Esses limites são borrados sem, no entanto, que as criaturas de Copelli sejam a junção de pessoas com máquinas. O cosmos criado pelo artista não é o dos ciborgues. Não vemos nele uma desumanização das pessoas tornadas coisas, mas antes a humanização dos objetos e vegetais. A escultura Relax, da meia usada que ganha um rosto, é feita com alguns tons de cinza que remetem ao tecido carregado de suor, o objeto tornado criatura é aquele que teve contato com o calor da pele e os fluidos do corpo. A peça de roupa usada não se torna descartável, morta do ponto de vista do seu valor de uso: alguém esteve ali, calçou-a, é isso que dá a ela certa sobrevida. Esse, aliás, parece ser o princípio que rege todas as esculturas aqui presentes: para que elas tenham valor, precisam ter sido consideradas inúteis.
Mas o que acontece, então, quando o que é da ordem do sujo, do descartável, do asqueroso e do inútil retorna? Estes seres criados por Copelli não voltam como o monstruoso que foi recalcado, não assombram. Pensemos nos filmes de David Cronenberg, repletos de vísceras, sangue, corpos estranhos, formas vivas inusitadas: os temas se aproximam dos escolhidos por Copelli. O tratamento dado a eles, no entanto, parece diametralmente oposto. Em Cósmica, não se trata de chocar o observador embrulhando seu estômago. Tudo o que vem do mundo baixo aparece de forma inofensiva e, em alguns casos, até mesmo graciosa. É o que vemos na escultura Passeio, da casca de banana que se equilibra como pernas esbeltas que desfilam. Ou ainda na pintura Bicho, em que dois pés e batatas da perna se ligam a um saco escrotal representado sem o pênis. Livre da conotação do masculino dominador que costuma acompanhá-lo, ele se transfigura em cabeça pequena e simpática.
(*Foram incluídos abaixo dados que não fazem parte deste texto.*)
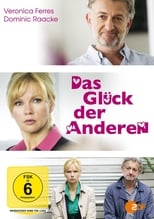 Poster for Das Glück der Anderen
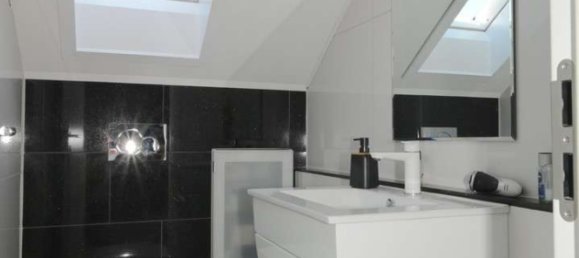 Квартира с 2 спальнями в Фрайбург им Брайсгау, Германия № 230635 6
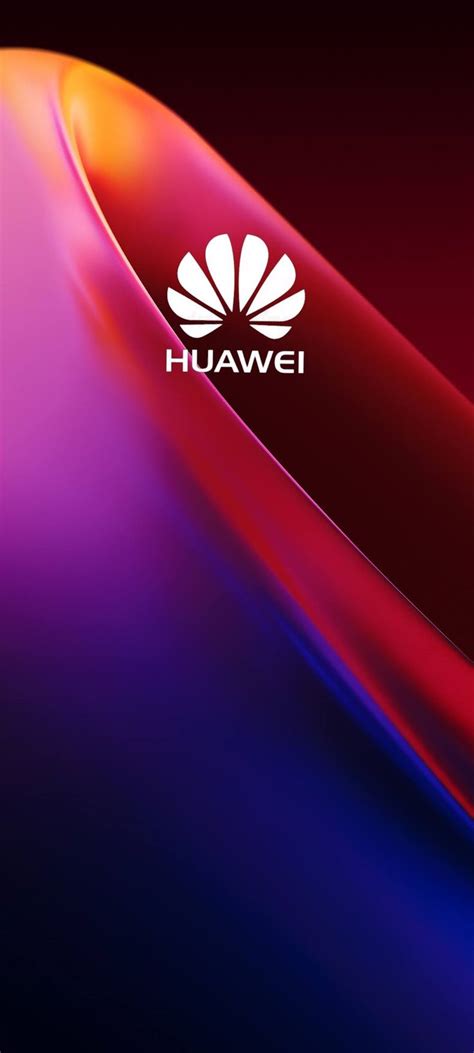 Huawei wallpaper | Huawei wallpapers, Galaxy phone wallpaper, Beautiful wallpaper for phone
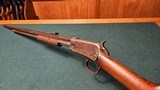 Winchester Model 1890 - 7 of 7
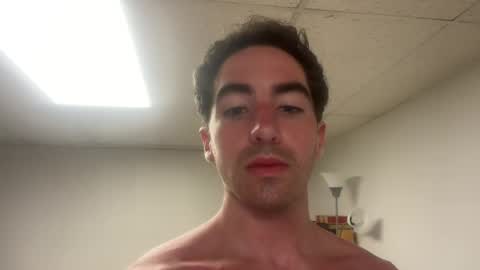 shirtlesshunk15 online show from 17, 6, 2026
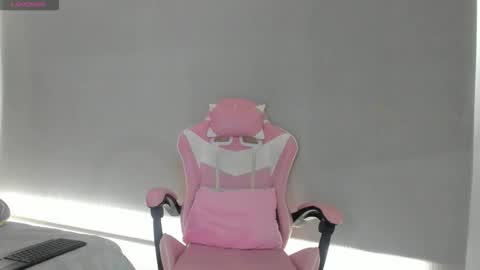 dream team online show from 11/26/25, 06:20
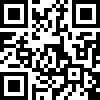 https://isna.ir/xdVpp3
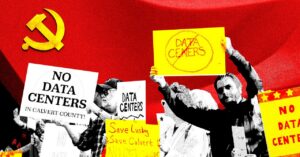 china-didn’t-make-americans-hate-data-centers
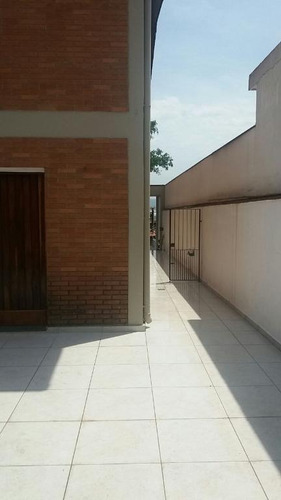 Imagem 25 de 27 de Casa Com 3 Dormitórios À Venda, 350 M² Por R$ 1.535.000,00 - Casa Verde - São Paulo/sp - Ca0522
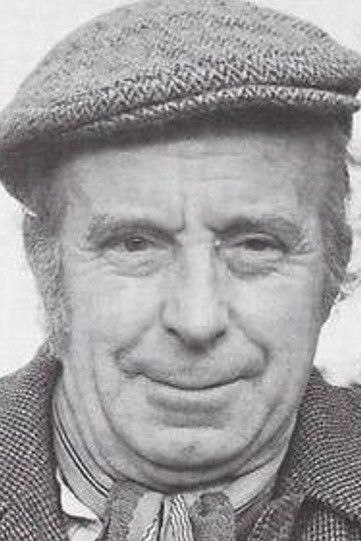 Toke Townley backdrop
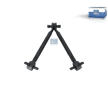 Řídicí páka, zavěšení kol DT Spare Parts 4.00574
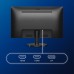 Monitor Philips 275V8LA/00 27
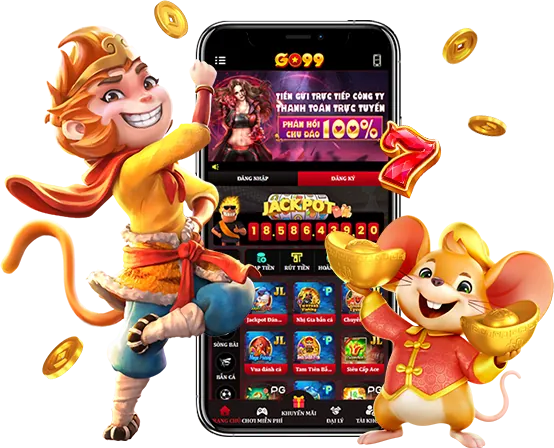 Đa dạng trò chơi cá cược tại 6ff3 đăng nhập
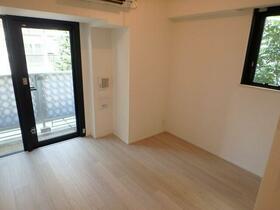 3/17 リビング/ダイニング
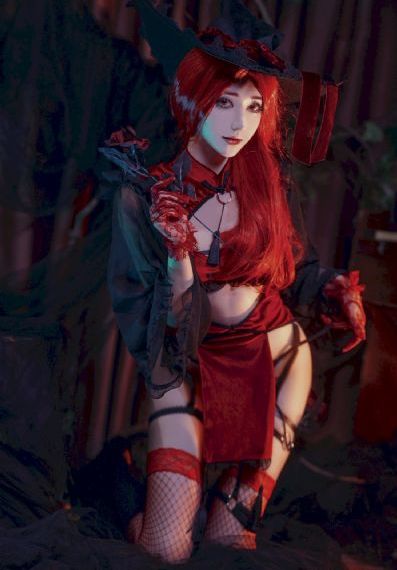 俄罗斯av在线-免费日韩中文版全集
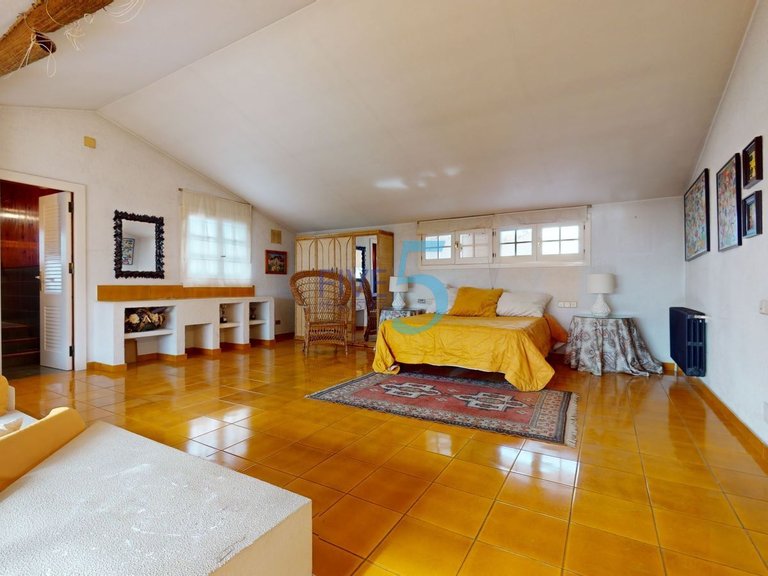Villa for Sale in Murcia, Murcia 22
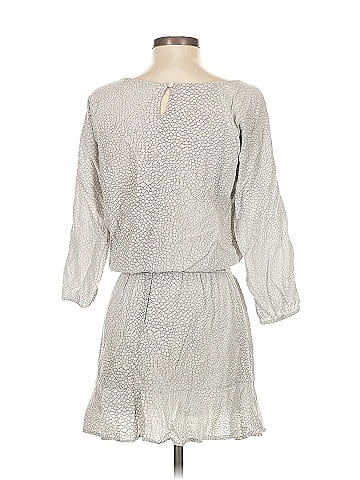Soft Joie Casual Dress (view 2)
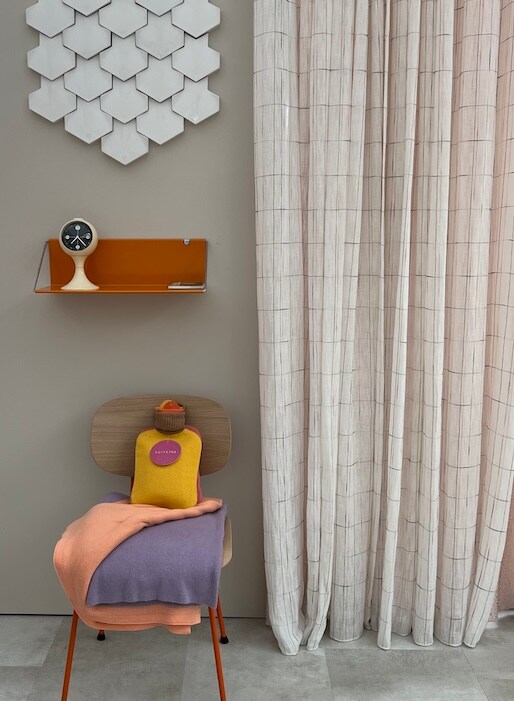 Eigen Huis &amp; Interieur | vt wonen&amp;design beurs 2023 Eigen Huis &amp; Interieur | vt wonen&amp;design beurs 2023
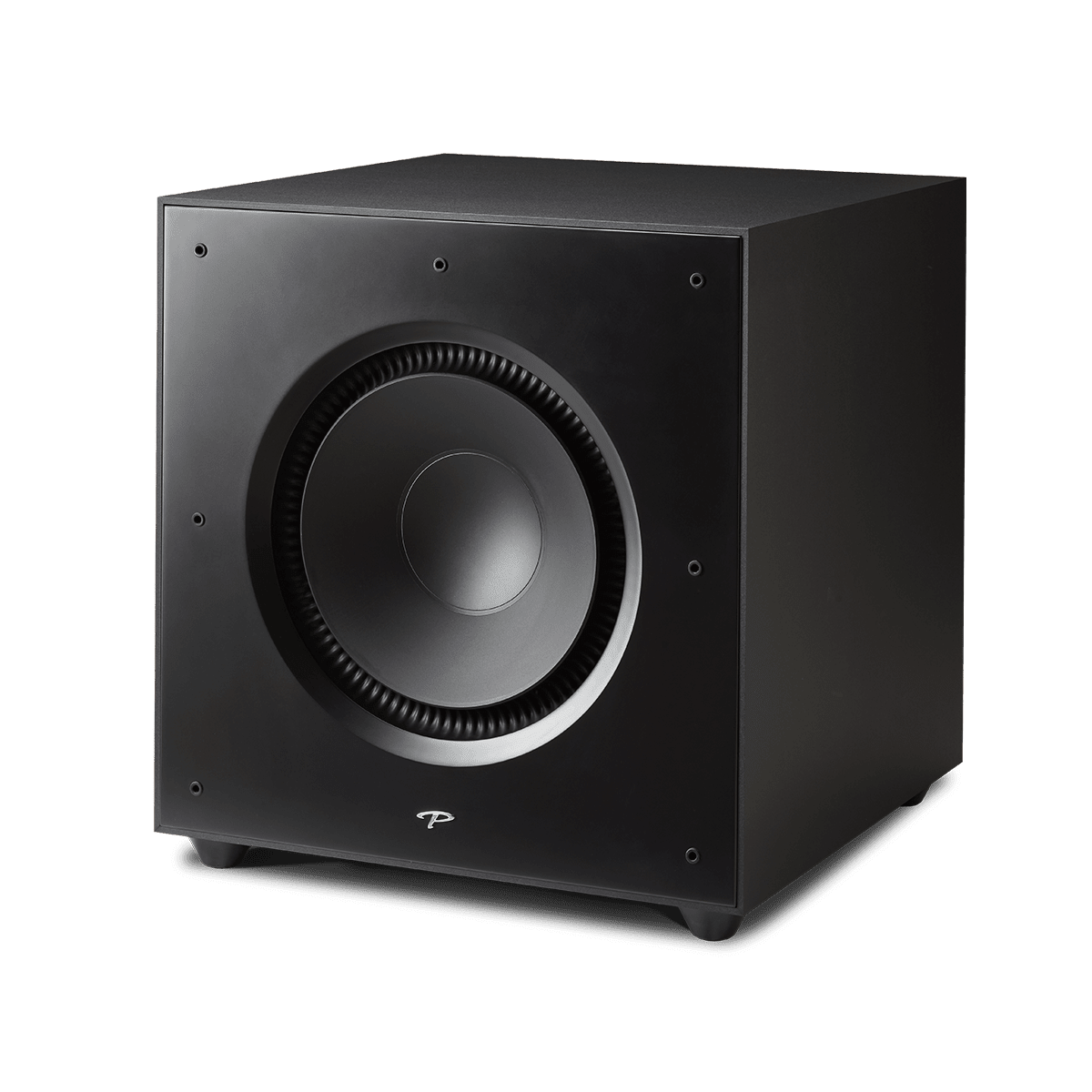 Paradigm Defiance X15 - Subwoofer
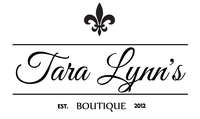 Tara Lynn's Boutique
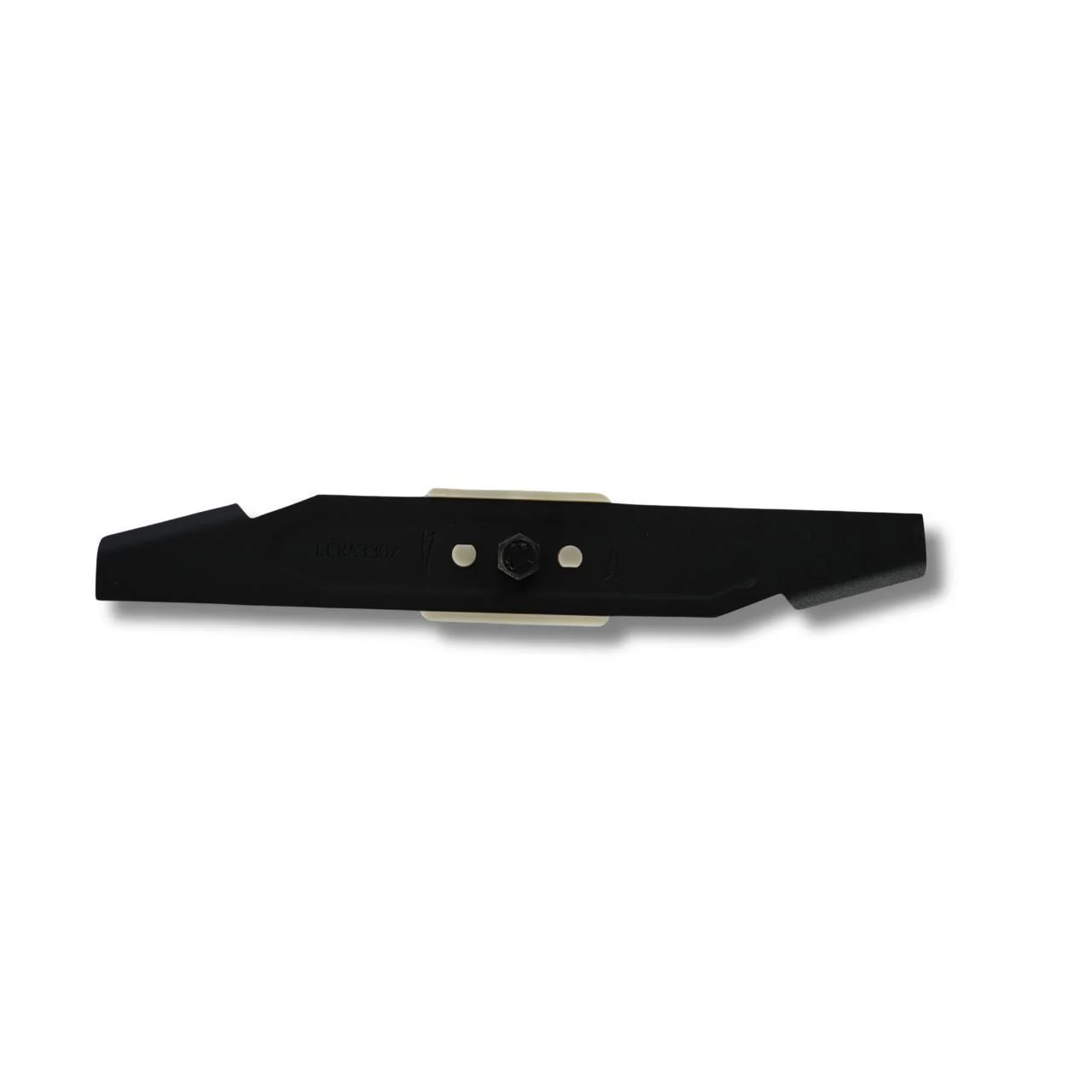 Cuchilla para FX-E1RM20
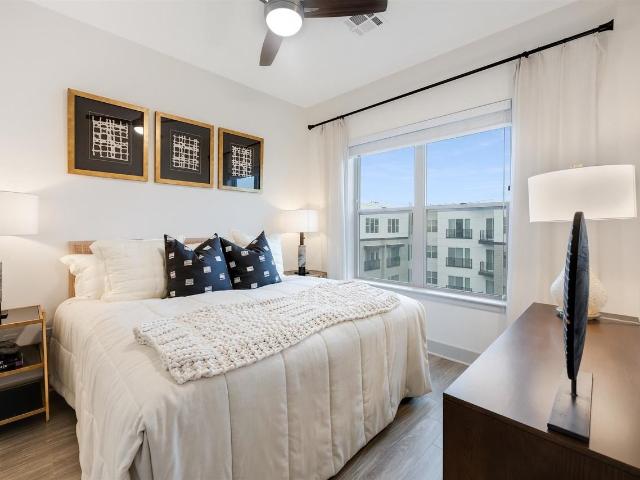 Apartment for rent in Wellesley, Massachusetts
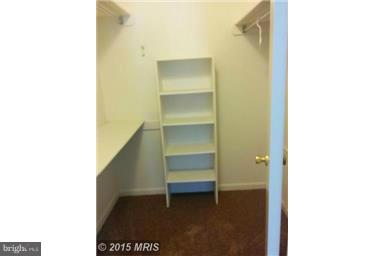 WINDBROOKE - Residential Lease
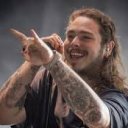 PostMalone adlı kullanıcı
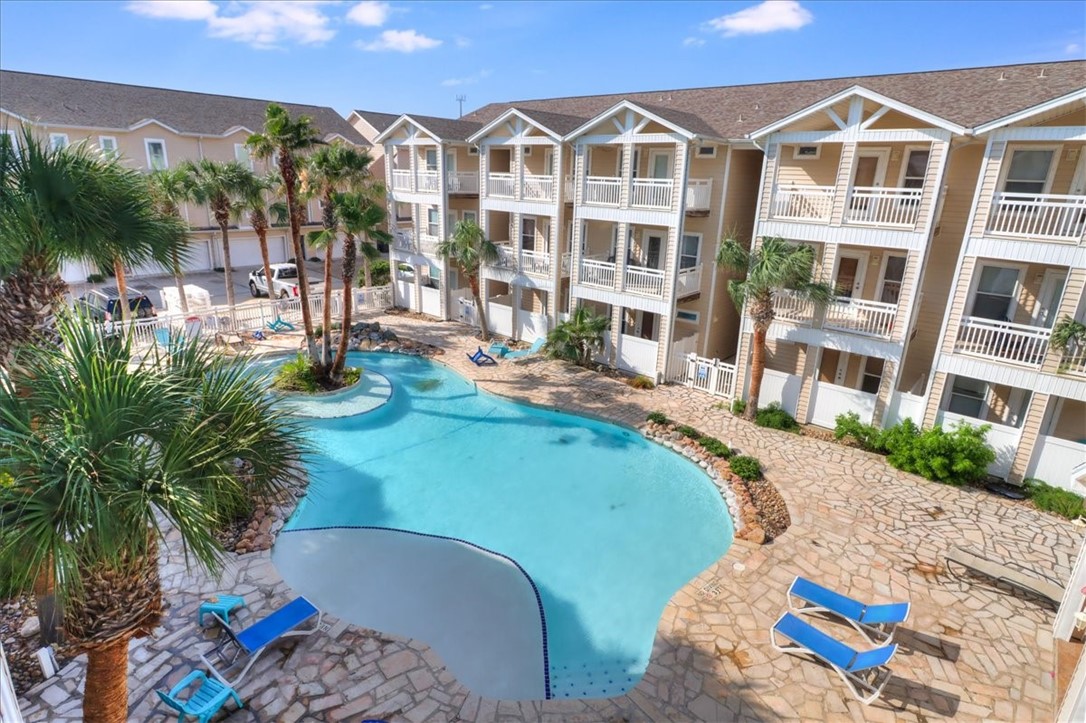 14202 Encantada Ave 302 Property Photo 1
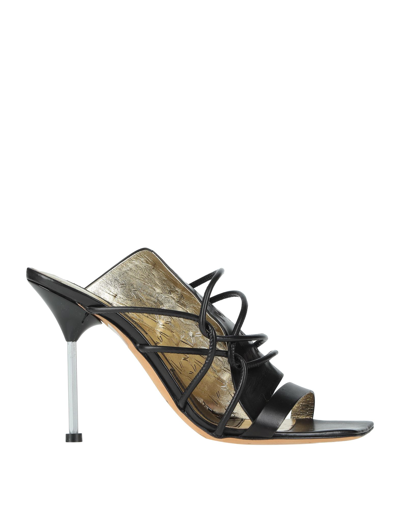 MALLONI Shoes for Women | ModeSens
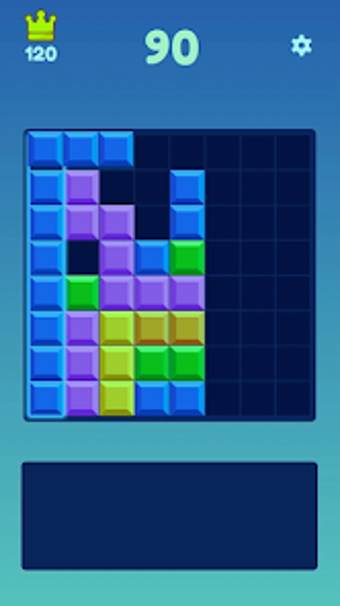 Imagen 0 para RemoveBox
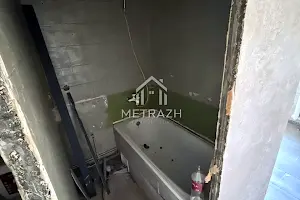 квартира за адресою Нескорених вул., 36б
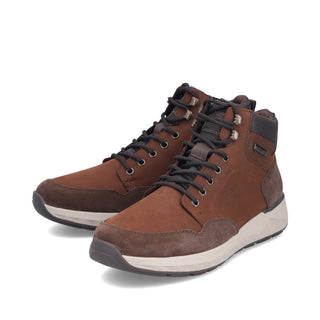 Men's Boots | Rieker Comfort 11530 - Image 22
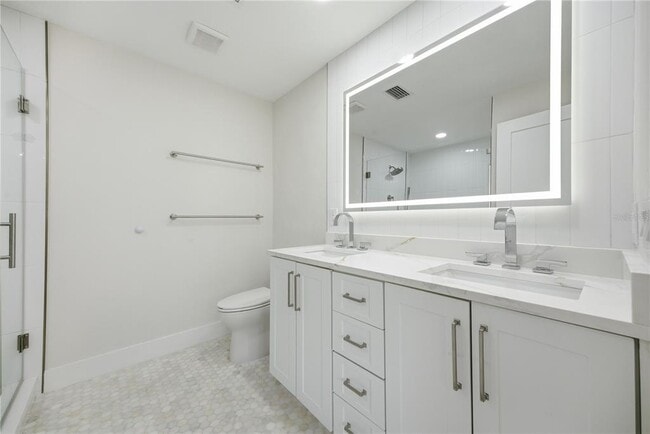 Building Photo - 1301 62nd Terrace S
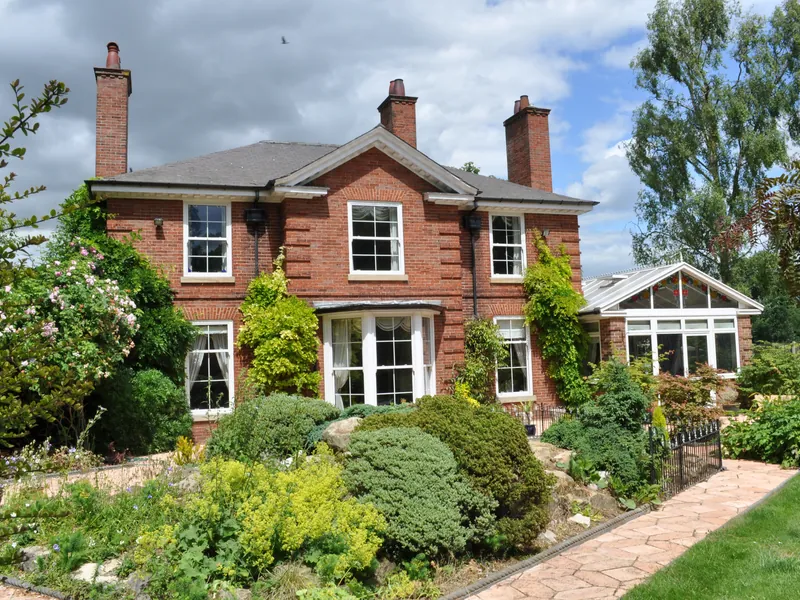 Double Glazing Prices Forest Gate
Se as figuras aqui apresentadas não vêm nos perturbar, também não me parece certo dizer que elas vêm para impressionar ou tomar o lugar daquilo que domina e oprime. Mais do que subverter a hierarquia do mundo, o conjunto dessas obras parece dissolvê-la: o que estava na base da pirâmide não passa a ocupar o topo. Tudo está lado a lado. Que querem esses seres? O direito de existir. Para conquistá-lo, não ocupam grandes espaços, não ofuscam o resto do mundo, não são violentos. Existem com calma, numa espécie de alheamento. Aí está, me parece, seu grande valor: longe de disputas fálicas, sem oferecerem imponência, lisura, limpeza, frescor, eles conquistam sua plenitude. Isso aparece até mesmo em Slop Slop, única escultura feita de bronze. O material mais nobre do que os das outras peças avizinha-se a elas pelo que lhe dá forma: o líquido de semelhança viscosa que sai de uma cavidade. Também é assim na escultura Escorrega e na pintura Ponte, as maiores peças do conjunto. A casca de banana, associada à possibilidade do tombo, ganha peso e tamanho para tornar-se o que seu nome anuncia: um escorregador, construção que convida o corpo à brincadeira e à indisciplina. Os grandes pés da pintura Ponte, apesar da postura desbravadora na natureza, não trazem mãos capazes de destruir o ambiente. Conduzem a si mesmos, pois o que parece contar é o passeio, o percurso.
Cósmica Slop Slop poderia ser lida como o sonho possível do Antropoceno. A natureza exuberante dá lugar ao jardim das anomalias, a cabeça humana, que só foi capaz de pensar projetos edificantes, mas também destruidores, desapareceu. As mãos derretem feito velas. Neste cenário da ruína, sonhar com a abundância material, a visualidade apolínea e o império da novidade parece uma cilada, tentativa de retomada do passado que não volta mais. São tempos de destroços. As peças de Copelli nos desafiam a formar espécie de imaginário a contrapelo, uma comunidade em que tudo e todos os que foram associados ao campo da vergonha ou jogados na lata do lixo podem finalmente existir sem serem rebaixados ao estatuto de resto, para usar expressão da antropóloga Maria Elvira Diaz. No meio do fim do mundo, a festa dos que sempre ficaram fora da festa.